J’avais déjà eu l’occasion de tester la plongée avec un scooter sous-marin ou DPV (Diver Propulsion Vehicle). Pourtant, j’avais envie d’en connaître plus. J’ai alors décidé de solliciter Jérôme pour participer à une formation de scooter sous-marin. 

D’une part, car j’avais envie d’être en situation d’apprentissage. D’autre part, car je me réjouissais aussi de découvrir les compétences pédagogiques que je soupçonnais chez mon ami.
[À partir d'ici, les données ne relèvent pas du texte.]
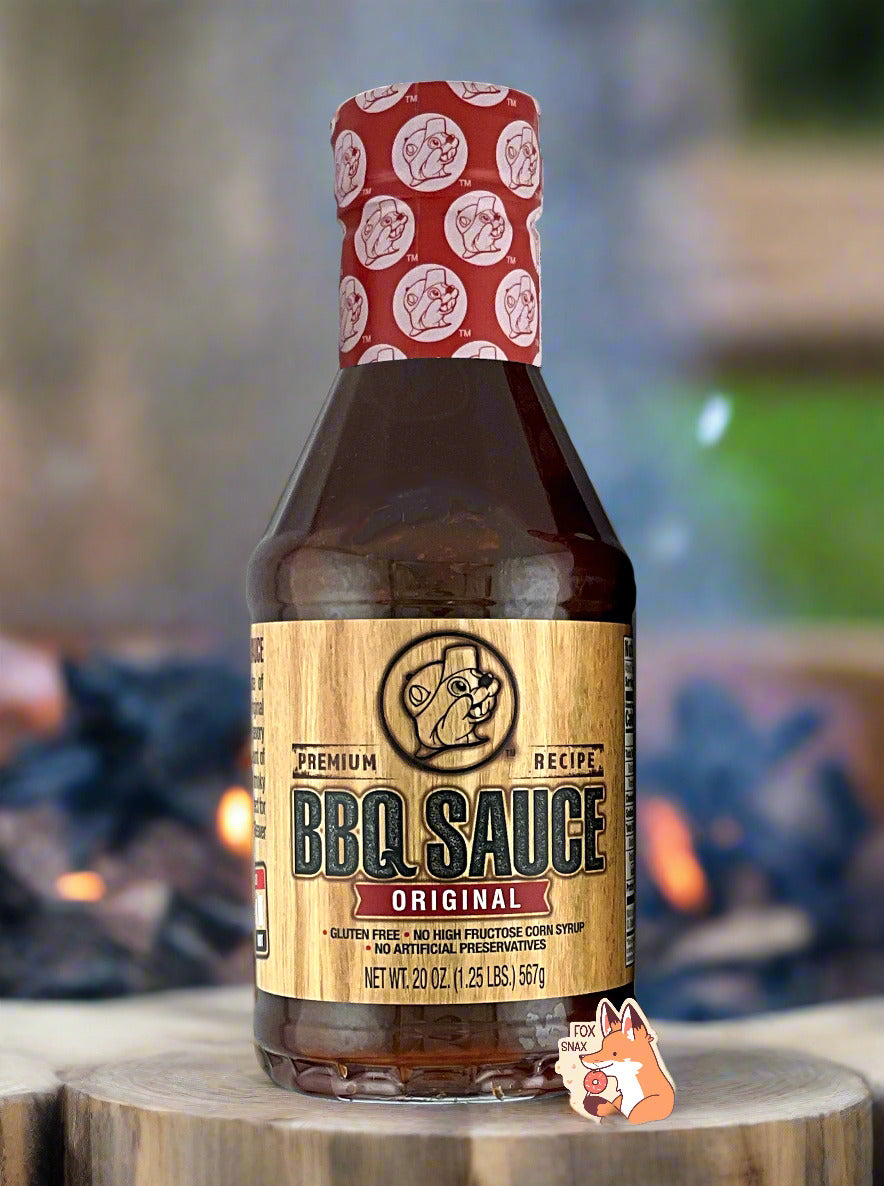 A plastic bottle of Buc-ee's Premium Recipe BBQ Sauce, Original.  The top of the bottle is sealed with a plastic wrap in red and white, dotted with Buc-ee's logos.  The BBQ label is a woodgrain, with a seared Buc-ee logo in the middle.  The rest of the bottle is clear, and dark red-brown bbq sauce can be seen.  The label reads: Gluten Free, No High Fructose Syrup, No Artificial Preservatives.  The bottle is sitting on a log; a bonfire can be seen in the background.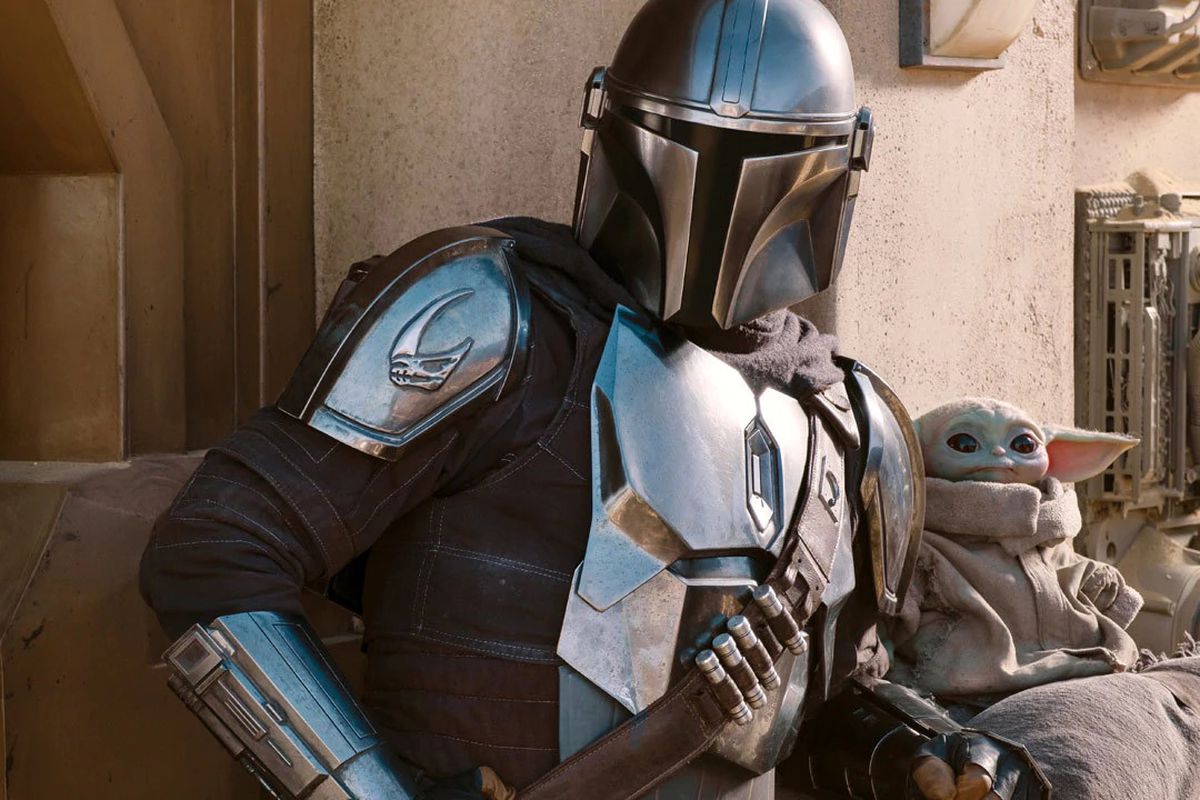 The Mandalorian and Baby Yoda stand together in a still shot from The Mandalorian season 2.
Pourquoi plonger en scooter sous-marin  👉  Plonger sans palmer

Rendez-vous est pris, une journée d’octobre sur le site de plongée d’Ekeren. 

Un peu de théorie…

On pourrait croire qu’il suffit de prendre la machine en main et d’aller directement dans l’eau. Cependant, la réalité de la formation de scooter sous-marin est toute autre.

En effet, avec mes binômes du jour, nous devons d’abord comprendre les spécifications techniques de l’outil. Quelques précisions sur les différents modèles, sur leur composition et, important, sur leur entretien.
Point de vue théorie, cette formation de scooter sous-marin appuie aussi sur le matériel, l’entretien, la planification de la plongée au regard de la spécificité du DPV et les procédures particulières notamment pour remorquer une personne ou être remorqué.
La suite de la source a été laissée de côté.